Her children and other students nationwide would benefit, but some are wondering at what cost?

The president has advocated an administrative unilateral action to get this done, said White House Deputy Press Secretary Josh Earnest. We're not gonna wait for congress to act.

Earnest says with problems in Washington, the president is looking to the FCC, and not lawmakers, to pass the tax.

University of Iowa Professor Nicholas Johnson says it wouldn't be the first time.

This is a way to do that that is consistent with the way we've done it with the telephone industry in the past, Johnson said.
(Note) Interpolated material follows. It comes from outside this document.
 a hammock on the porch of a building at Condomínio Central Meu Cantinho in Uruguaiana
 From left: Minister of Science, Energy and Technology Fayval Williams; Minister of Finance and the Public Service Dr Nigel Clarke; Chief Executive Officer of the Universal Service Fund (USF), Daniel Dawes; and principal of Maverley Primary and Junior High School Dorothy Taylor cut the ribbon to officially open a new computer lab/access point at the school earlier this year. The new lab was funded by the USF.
Johnson, who is also a former FCC commissioner, says there was a similar push decades ago to expand telephone service nationwide.

He says this is the same concept.

We have to be able to get into the classrooms of every student, not just those in large urban centers, Johnson said.

Iowans we spoke say they wouldn't mind the extra 5 bucks.

High speed internet in classrooms, definitely a good thing to have, UI Student Ben Duff said.

However, the idea of the president bypassing congress rubs some the wrong way.

That's how all the other laws are passed, this one shouldn't be any different, UI Student Kirstyn Russell said.

Still, some think it may be necessary.

At this point to avoid gridlock if it's a better method or an alternative method, I think it's a wise move, Geertz.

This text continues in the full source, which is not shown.